• _Problem details_
Copy out the data below as written; omit any images.

• _Given material_
--------
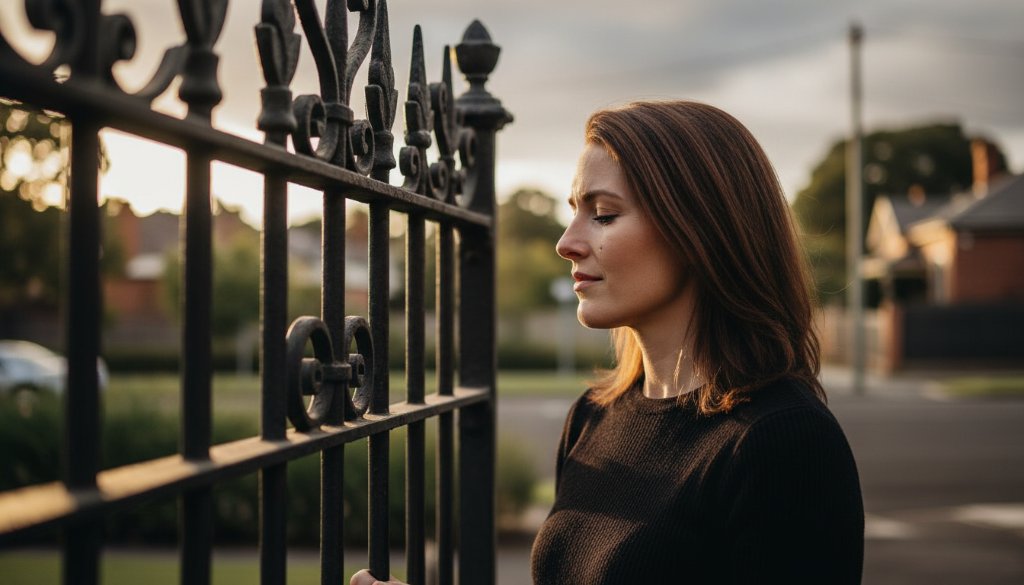 A powerful, dramatically lit fine art portrait capturing a subject's intense emotion against a subtly blurred historic Caulfield North streetscape at dusk, embodying Emotional Fine Art Photography Caulfield North Victoria.
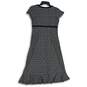 Loft Womens Black White Printed V-Neck Cap Sleeve Midi A-Line Dress Size 4 image number 2
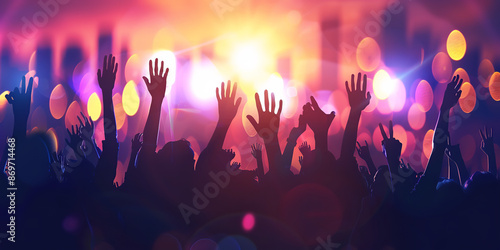 Wallpaper Mural night concert with people silhouettes hands up against projector lit festive concert scene Torontodigital.ca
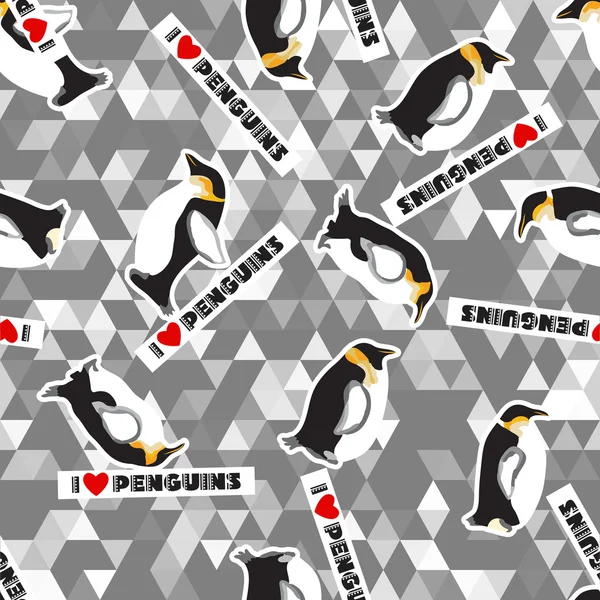 Seamless texture with penguins and a triangular design. Gray background — Stock Vector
--------
• _Written response_
 A powerful, dramatically lit fine art portrait capturing a subject's intense emotion against a subtly blurred historic Caulfield North streetscape at dusk, embodying Emotional Fine Art Photography Caulfield North Victoria.
 Loft Womens Black White Printed V-Neck Cap Sleeve Midi A-Line Dress Size 4 image number 2
 Wallpaper Mural night concert with people silhouettes hands up against projector lit festive concert scene Torontodigital.ca
 Seamless texture with penguins and a triangular design. Gray background — Stock Vector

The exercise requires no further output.